El paisaje, bellísimo. En otoño color cobre; en verano, con la fronsosidad
verde del bosque de castaños, algunos centenarios, en ebullición.
Casi siempre,
cuando reeemprendo desde Pujerrea porque hay que volver sobre los passos, el
regreso para tomar la bajada que me lleva al río, me pierdo. Más de una vez y
de dos me he vuelto desde la ermita de san Antonio. Creo que me he equivocado.
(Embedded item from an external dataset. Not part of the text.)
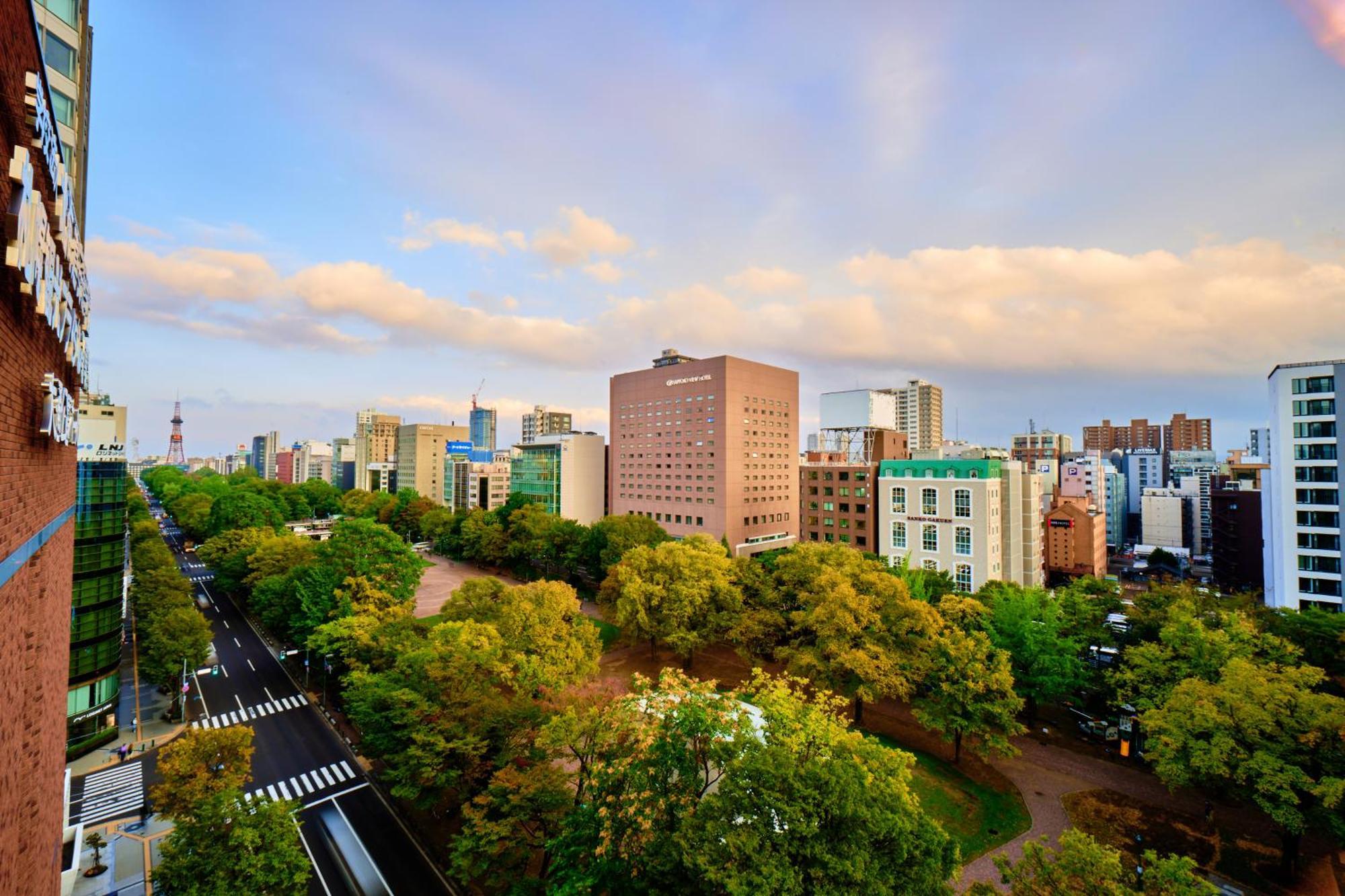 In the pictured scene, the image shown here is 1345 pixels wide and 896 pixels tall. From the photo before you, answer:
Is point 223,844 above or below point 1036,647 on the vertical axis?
below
No, está un poco más allá, solo un poco pero no y hay que retroceder hasta
Pujerra. (Puxerra) que alberga un leyenda bellísíma.
Verán. Por
allí se las andaba, dicen, el visigodo Wamba cuando decidieron que debía ocupar
el trono vacante. Hay dos versiones: una que era un hombre de campo que se iba
y se venía su labor de cada día…
Otra, que era
un monje con mucho de ermitaño y que lo emborracharon y que mientras dormía lo
pelaron y no tuvo más remedio que aceptar lo que se le venía encima. Ya saben,
las leyendas – por eso, entre otras cosas,
lo son – no están escritas y cada cual cuenta lo que conoce, se inventa
o cree oportuno.
Yo me las
anduve por Pujerra. Era mediodía. El cielo limpio de nubes, azul muy azul. Los
castaños que pierden la hoja porque a todo le llega su tiempo y es tiempo de
otoño y es cuando los castaños se despojan de la hoja bellsimos. Se acurrucan
entre ellos para pasar el invierno. Por cierto, en la plaza el hombre, Wamaba
tiene levantado un monumento. Digo yo, que todos los pueblos no tienen la
posibilidad de sacar pecho y decir que en su suelo nació un rey y encima,
visigodo. Con lo lejísimo, en el tiempo, que queda esagente.
Bajé hasta el
río. El agua clara, transparente, impoluta. Viene desde el cercano nacimiento
en las entrañas de la tierra en Igualeja. Encajonado, el río entre montañas
calizas. Un rumor de notas suelas. Salta el agua entre los cantos rodados y los
muñones de un puente de antaño. Enfrente, a media ladera, al pie de la sierra
del Oreganal y antes de llegar a los Riscos, Cartajima. Dicen que es el pueblo
de más altitud de la provincia de Málaga; yo, te digo, que es una pincelada
blanca, una belleza entre el monte y el río a la que hay que ir y pasear por
sus calles…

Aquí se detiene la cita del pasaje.